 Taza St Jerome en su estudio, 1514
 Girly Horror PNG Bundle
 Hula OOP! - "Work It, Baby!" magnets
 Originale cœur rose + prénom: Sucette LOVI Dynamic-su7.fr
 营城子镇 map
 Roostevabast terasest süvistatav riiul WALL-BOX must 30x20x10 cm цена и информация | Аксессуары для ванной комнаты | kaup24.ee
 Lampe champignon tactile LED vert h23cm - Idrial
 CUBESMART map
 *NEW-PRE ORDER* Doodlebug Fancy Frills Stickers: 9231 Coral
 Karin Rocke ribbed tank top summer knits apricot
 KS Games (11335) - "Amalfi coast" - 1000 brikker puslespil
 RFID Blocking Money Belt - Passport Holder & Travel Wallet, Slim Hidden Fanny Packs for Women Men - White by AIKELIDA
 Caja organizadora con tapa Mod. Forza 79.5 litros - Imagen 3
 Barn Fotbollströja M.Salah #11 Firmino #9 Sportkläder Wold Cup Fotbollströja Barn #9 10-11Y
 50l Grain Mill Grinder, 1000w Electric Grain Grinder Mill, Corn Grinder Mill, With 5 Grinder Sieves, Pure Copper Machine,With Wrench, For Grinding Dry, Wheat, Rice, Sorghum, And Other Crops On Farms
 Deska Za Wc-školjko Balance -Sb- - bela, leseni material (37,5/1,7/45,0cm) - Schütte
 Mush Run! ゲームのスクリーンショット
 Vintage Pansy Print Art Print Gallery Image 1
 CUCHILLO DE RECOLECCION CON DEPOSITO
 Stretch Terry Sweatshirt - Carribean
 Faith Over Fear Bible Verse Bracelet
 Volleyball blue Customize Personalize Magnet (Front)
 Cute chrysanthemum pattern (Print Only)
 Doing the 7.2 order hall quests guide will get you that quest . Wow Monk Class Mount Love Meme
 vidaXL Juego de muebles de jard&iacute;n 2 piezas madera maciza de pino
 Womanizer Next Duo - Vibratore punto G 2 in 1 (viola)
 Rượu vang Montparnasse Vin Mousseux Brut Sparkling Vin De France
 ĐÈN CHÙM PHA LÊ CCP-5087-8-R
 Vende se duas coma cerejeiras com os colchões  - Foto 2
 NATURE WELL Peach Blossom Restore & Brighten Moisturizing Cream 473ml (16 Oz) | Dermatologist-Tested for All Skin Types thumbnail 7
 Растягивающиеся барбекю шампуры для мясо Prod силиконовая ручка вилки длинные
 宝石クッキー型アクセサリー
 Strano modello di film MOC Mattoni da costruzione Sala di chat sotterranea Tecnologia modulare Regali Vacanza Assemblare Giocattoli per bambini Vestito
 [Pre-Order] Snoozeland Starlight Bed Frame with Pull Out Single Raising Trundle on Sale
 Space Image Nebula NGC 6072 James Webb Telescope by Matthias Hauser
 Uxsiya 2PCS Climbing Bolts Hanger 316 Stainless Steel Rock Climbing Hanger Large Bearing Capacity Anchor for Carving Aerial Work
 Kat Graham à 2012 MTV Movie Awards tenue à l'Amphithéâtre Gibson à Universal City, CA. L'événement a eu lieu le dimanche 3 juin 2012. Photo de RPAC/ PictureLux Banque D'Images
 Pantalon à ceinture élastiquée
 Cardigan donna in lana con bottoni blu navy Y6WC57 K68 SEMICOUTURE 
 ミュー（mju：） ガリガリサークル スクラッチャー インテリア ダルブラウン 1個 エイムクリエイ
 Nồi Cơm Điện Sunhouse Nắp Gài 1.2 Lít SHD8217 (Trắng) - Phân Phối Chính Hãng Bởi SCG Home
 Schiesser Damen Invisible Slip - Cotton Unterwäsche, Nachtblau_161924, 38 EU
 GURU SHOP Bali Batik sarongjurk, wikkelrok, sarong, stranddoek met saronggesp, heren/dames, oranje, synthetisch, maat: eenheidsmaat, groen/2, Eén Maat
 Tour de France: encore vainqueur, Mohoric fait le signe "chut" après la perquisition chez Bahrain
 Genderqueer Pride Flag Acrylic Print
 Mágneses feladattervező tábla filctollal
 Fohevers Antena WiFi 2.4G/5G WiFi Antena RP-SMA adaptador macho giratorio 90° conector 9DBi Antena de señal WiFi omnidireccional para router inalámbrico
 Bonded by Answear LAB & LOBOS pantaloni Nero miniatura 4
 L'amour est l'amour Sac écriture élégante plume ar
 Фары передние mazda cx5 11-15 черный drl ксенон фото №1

▶ [Your task] Wherever a line above includes the string "Work", count it; give only the final tally.

▶ [Finished exercise] 2